Bevor die Frage über die Möglichkeiten virtueller Lernmöglichkeiten beantwortet werden kann, stellt sich zunächst die Frage nach den Bedingungen, Zielen und Einsatzbereichen, in denen Mixed Reality positiv auf einen Lerneffekt einwirken kann:

Bedingungen und Begründungen

Um einen gewinnbringenden Einsatz von Mixed Reality gewährleisten zu können und sich nicht auf der gegenwärtigen 2D-Perspektive von Lernsoftware auszuruhen, die sich auf einem flachen Bildschirm abspielt, muss zunächst die entsprechende und kostenintensive Hardware vorhanden sein. So benötigt man neben den oben aufgeführten Geräten (VR-Brille, ein Laufband, auf dem man frei in jede Richtung laufen kann und ein Eingabegerät wie Datenhandschuhen oder auf die Mixed Reality angepasste Controller) zusätzliche Software, die für die Programme vorgesehen sind und das entsprechende Know-How zur Installation all dessen.[4] Die Vorteile, die man hierin sieht, liegen in der höheren Immersion der Spiel- und Lernerfahrung, also in dem gesteigerten Gefühl ‚in dem Spiel und der virtuellen Realität zu versinken‘ und dem daraus resultierenden „sense of being there“[5]. So betrachtet man in der Entwicklung von Mixed Reality Maus, Bildschirm und Tastatur heute als ‚unnatürliche Schnittstellen‘ zwischen unserem Erleben und der Virtualität der Spiele, die eine höhere Abstraktion der Bewegungen und Wahrnehmungen voraussetzen als die ‚natürlichen Schnittstellen‘, über die wir instinktiv mit Kopf-, Bein- und Handbewegungen die virtuelle Umwelt wahrnehmen und mit ihr interagieren können.[6]

Ziele und Einsatzbereiche

Die Einsatzbereiche von Mixed Reality sind ebenso vielseitig wie die damit verbundenen Ziele. Man verspricht sich neben der Veranschaulichung von Prozessen, Situationen und Mechaniken auch das Potenzial der Darstellung (noch) unmöglicher Szenarien. So könnte man in technischen Bereichen als Gruppe durch eine Fabrik und in bestimmte Geräte hineingehen und sich die dort ablaufenden Mechanismen in Zeitlupe ansehen während man diese bespricht, könnte riskante oder tödliche Phänomen wie einen Vulkanausbruch oder einen Störfall in einem Atomkraftwerk aus nächster Nähe betrachten, durch das alte Pompeji spazieren oder eine Wanderung auf dem Mars unternehmen. Auch ist die Visualisierung von für das Auge unsichtbaren Prozessen wie Luftströmungen oder das Fortschreiten des Klimawandels im Zeitraffer möglich.[7]
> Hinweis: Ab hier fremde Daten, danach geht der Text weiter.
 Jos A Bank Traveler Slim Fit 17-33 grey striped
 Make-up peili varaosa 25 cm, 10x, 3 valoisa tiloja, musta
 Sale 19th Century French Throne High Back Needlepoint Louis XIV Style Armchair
Diese Beispiele sind nur ein kleiner Auszug dessen, was kreative Köpfe sich als Anwendungsmöglichkeiten in ihre Fachbereiche vorstellen könnten. Dabei kann „der Einsatz virtueller Lernumgebungen [in] verschiedenen Stufen des Lernens dienen“[8]. Dies beträfe erstens die Exploration fiktiver Welten, die im physisch Realen nicht umsetzbar sind. Auch könnten anspruchsvolle Visualisierungstechniken den initialen Verstehensprozess komplexer Lerninhalte unterstützen und drittens eine vorletzte Stufe des Wissenstransfers darstellen, die sich in der Übung realer Handlungen im virtuellen Raum manifestieren, bevor diese im physisch realen Kontext angewendet werden müssten.[9]
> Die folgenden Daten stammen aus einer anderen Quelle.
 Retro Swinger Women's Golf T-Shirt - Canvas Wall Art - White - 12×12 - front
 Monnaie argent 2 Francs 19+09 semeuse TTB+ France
Lerneffekte von Mixed Reality auf die Probe gestellt

Der positive Effekt von virtuellen Realitäten auf Lehr- Lernsituationen wird aufgrund seines immersiven Charakters und der großen Faszination, die solche Möglichkeiten auf uns haben, meist bereits im Vorhinein unterstellt und somit sind Studien und experimentelle Untersuchungen als Beweis hierfür eher Mangelware.[10] Hier wollten die Autorinnen durch ihren Beitrag „Neue Perspektive für die Erziehungswissenschaften – das Potenzial von Mixed Reality für Lehr- und Lernprozesse“ zur Schließung der Lücke beitragen und initiierten eine quasi-experimentelle Untersuchung zu den tatsächlichen Auswirkungen der Mixed Reality.
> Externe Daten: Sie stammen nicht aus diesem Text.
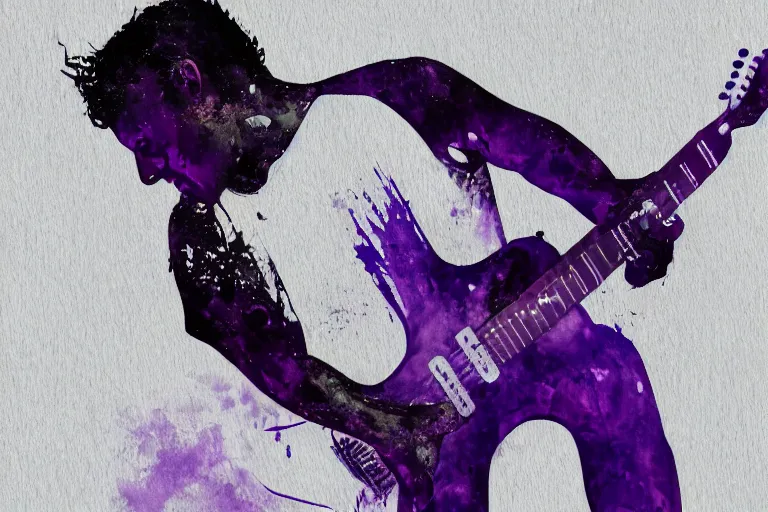 Image similar to dripping purple faded paint across the shape of a male human playing guitar, realistic, high detail, on a white damage background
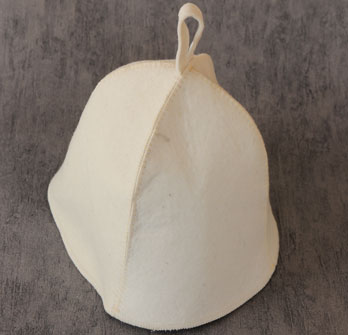 Шапка для бани белая (полушерсть)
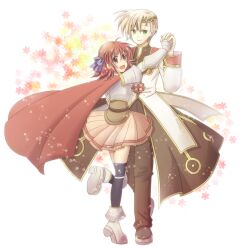 Rule 34 | 1boy, 1girl, :d, armor, armored boots, black thighhighs, blonde hair, boots, bow, brown pants, brown shoes, cape, circlet, closed mouth, coat, commentary request, cross, cross necklace, cross of prontera, earrings, floral background, gauntlets, gold trim, green eyes, hair bow, hetero, high priest (ragnarok online), holding hands, interlocked fingers, jewelry, long sleeves, looking at viewer, lord knight (ragnarok online), miniskirt, multicolored coat, necklace, open mouth, pants, pauldrons, pink eyes, pink skirt, purple bow, ragnarok online, red cape, red coat, red hair, sharari, shoes, short hair, shoulder armor, skirt, smile, standing, standing on one leg, thighhighs, two-tone coat, white background, white coat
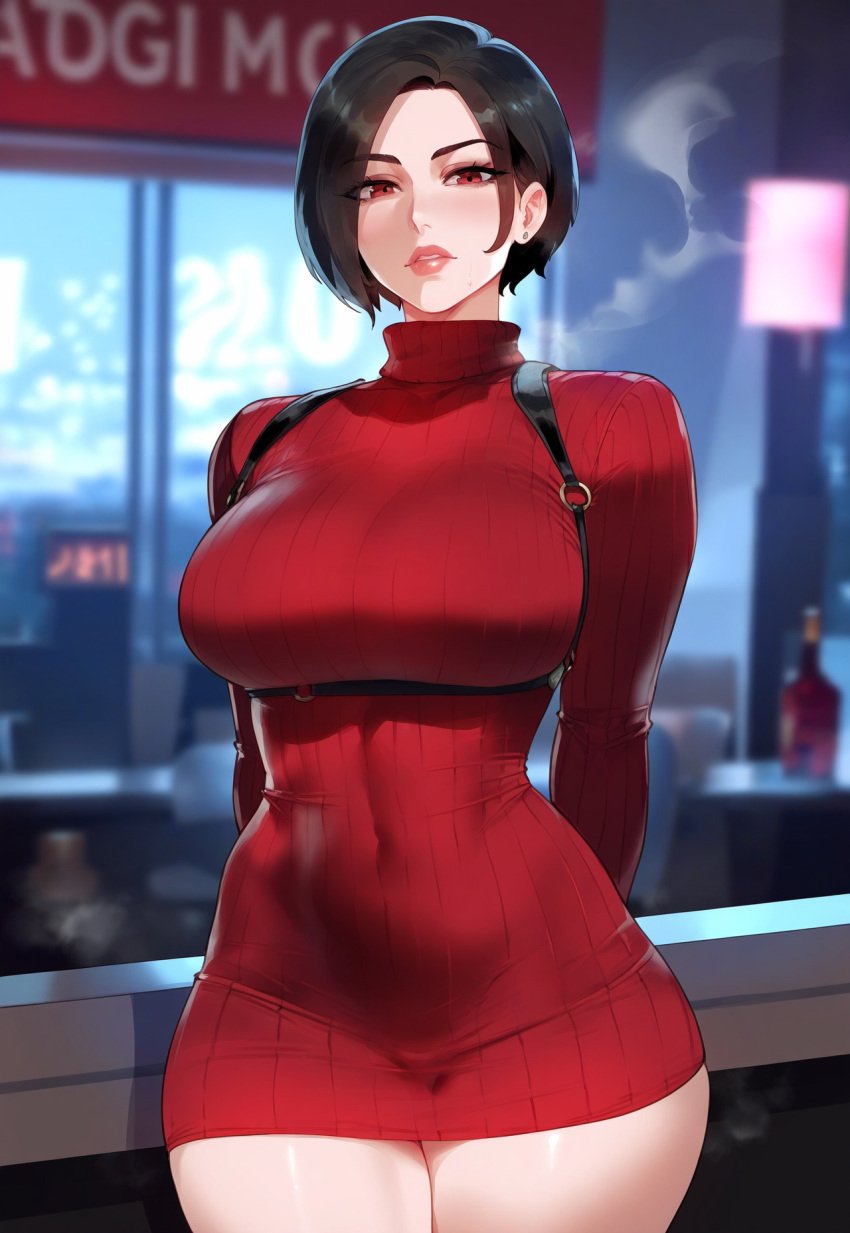 ada_wong ai_generated big_breasts miyuai red_dress resident_evil short_hair thighs tight_clothing tight_dress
In der Untersuchung wurde Proband*innen die Aufgabe gestellt, sich virtuell durch ein Labyrinth zu bewegen und sich dort die Position verschiedener Gegenstände einzuprägen. Die Proband*innen wurden dabei in zwei Gruppen aufgeteilt: Während die eine Gruppe das Labyrinth auf ‚unnatürlichen Schnittstellen‘, also auf einem Bildschirm erkundete, bewegte sich die zweite Gruppe mittels Mixed Reality Hardware durch die virtuelle Umgebung.[11] Ziel war es, herauszufinden, ob der immersive Effekt der Mixed Reality tatsächlich einen positiven Einfluss auf die Ergebnisse der darauffolgenden Abfrage der Positionen von zuvor gefundenen Gegenständen hätte.[12]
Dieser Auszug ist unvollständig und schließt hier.